Provided data
=== Begin Enclosure ===

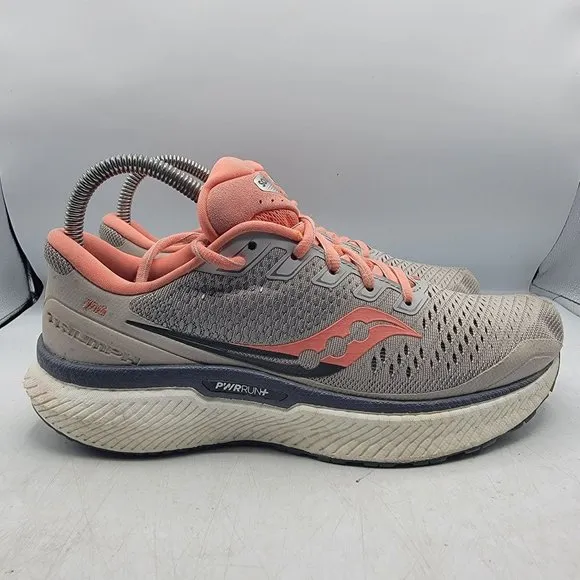 Saucony Triumph 18 Womens 7 Gray Athletic Running Shoes Sneakers S10595-30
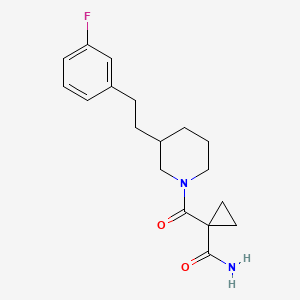 molecular formula C18H23FN2O2 B5975747 1-({3-[2-(3-fluorophenyl)ethyl]-1-piperidinyl}carbonyl)cyclopropanecarboxamide 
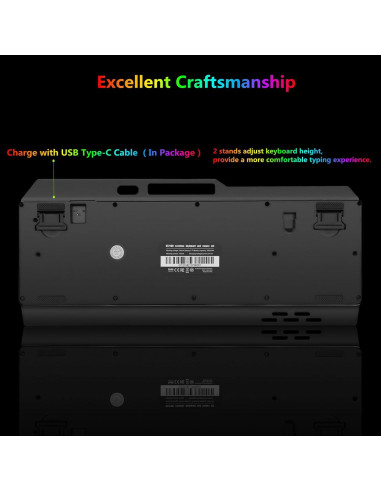 Teclado y Ratón Gaming Inalámbricos Cakce RGB Recargables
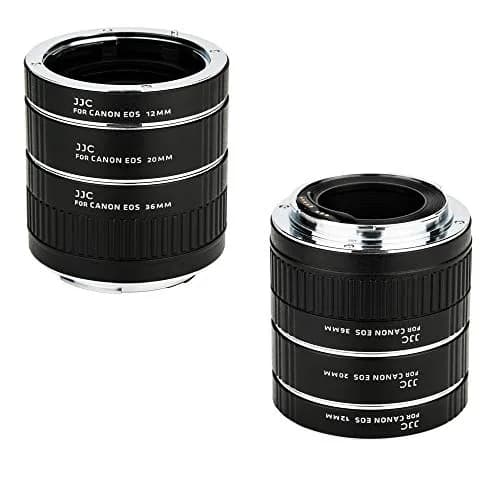 JJC Auto Focus Macro Extension Tube Set for Canon EF/EF-S Mount Cameras & Lenses (12mm, 20mm, 36mm Tubes) | For Macro Photography thumbnail 1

=== End Enclosure ===

What to work on
Beginning with the line that holds "Teclado y Ratón", extract every line to the end of the material, exactly as it stands, and drop the pictures.

Output for this exercise
 Teclado y Ratón Gaming Inalámbricos Cakce RGB Recargables
 JJC Auto Focus Macro Extension Tube Set for Canon EF/EF-S Mount Cameras & Lenses (12mm, 20mm, 36mm Tubes) | For Macro Photography thumbnail 1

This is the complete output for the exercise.